Dat vindt de kantonrechter in Eindhoven. Renewi wilde de HR-directeur, omdat de directeur met haar houding, gedrag en leiderschapsstijl niet meer presteert op de wijze en het niveau dat in haar functie als hoogst geplaatste HR-functie binnen het bedrijf mag worden verwacht. De verhoudingen tussen de partijen zijn verstoord en er is geen draagvlak meer binnen Renewi voor haar positie.
De directeur trad in 2019 aan en had als taak om op HR-gebied Van Gansewinkel en Shanks te verbinden. Zo diende er een flinke professionaliserings- en harmonisatieslag te worden gemaakt, vanwege de verschillende arbeidsvoorwaarden, regelingen, gebruiken en systemen. Deze reorganisatie en opbouw van een nieuwe structuur ging haar goed af en daarin was ze succesvol. In de eerste jaren van haar dienstverband heeft ze goed gefunctioneerd.
Vanaf medio 2021 veranderde Renewi als organisatie en dat bracht een ander soort leiderschap met zich mee. De nadruk lag steeds meer op samenwerken. Ook toen werd haar functioneren als voldoende beoordeeld, maar ze kreeg wel als kanttekening mee dat ze door haar “enorme ambitie” soms te veel wilde van haar team terwijl de organisatie “piept en kraakt”. In de jaren die volgden kreeg Renewi steeds meer signalen van meerdere medewerkers over de houding, het gedrag en de manier van leidinggeven van de HR-directeur. Dit ging onder meer over haar manier van handelen en de wijze van communiceren. Ook liepen projecten minder goed, waarover ze de leiding had. Door privéomstandigheden heeft de directeur zich in 2023 voor een paar maanden ziek gemeld.
In de laatste jaren zou de directeur meerdere keren zijn aangesproken op haar gedrag, maar volgens Renewi bleef ze haar eigen koers volgen. Daarom besloot Renewi begin dit jaar haar ontslag aan te zeggen. In reactie hierop meldde de directeur zich weer ziek en gaf ze aan om via een regulier re-integratietraject aan haar herstel te willen werken. Renewi wilde de arbeidsovereenkomst echter op de kortst mogelijke termijn ontbinden.
Als verweer gaf de HR-directeur aan dat van ontbinding van de arbeidsovereenkomst geen sprake kan zijn, omdat het opzegverbod tijdens ziekte de verzochte ontbinding verhindert. Daarnaast gaf ze aan dat een groot deel van de verwijten van Renewi toe zijn te schrijven aan de overspanning (geestelijke problemen), waaraan ze sinds begin 2023 lijdt. Verder betwistte ze dat ze niet functioneert en dat er sprake is van een onherstelbaar verstoorde arbeidsverhouding. Ze zal aan de nodige punten moeten werken en er zullen gesprekken gevoerd moeten worden, maar een terugkeer naar de werkvloer van Renewi acht ze niet onmogelijk.

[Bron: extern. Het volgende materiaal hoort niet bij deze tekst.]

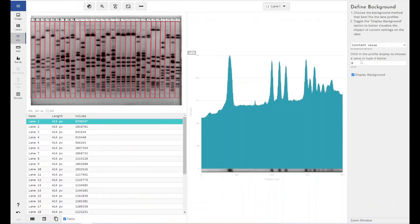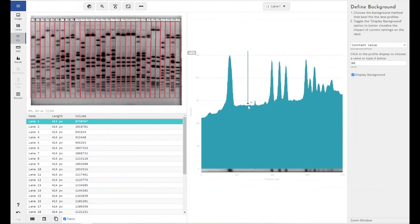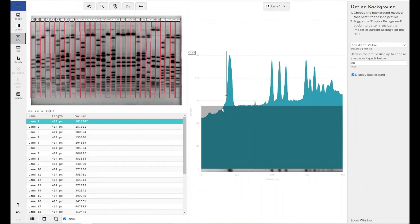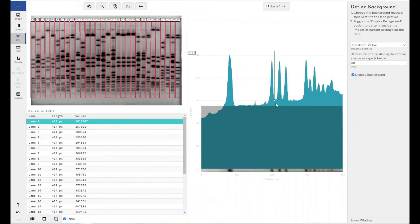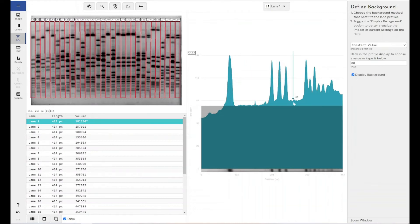We've got the ability to set the background of the lane as a constant value. So as I was saying before, if we wanted to pop it at 80 to try and focus on this area of background, we would actually lose all of this data at the top end of our lane, which might be something that we're interested in measuring.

De kantonrechter gaat echter niet mee in haar verweer en is van oordeel dat de arbeidsovereenkomst tussen de partijen beëindigd dient te worden. De arbeidsongeschiktheid verhindert dit niet. Volgens de kantonrechter is er sprake van een zodanig verstoorde arbeidsrelatie dat er geen basis meer is voor de voortzetting van de arbeidsovereenkomst. Dat houdt in dat de arbeidsovereenkomst per 1 december 2024 eindigt. Renewi dient nog wel de wettelijke transitievergoeding aan de directeur te betalen.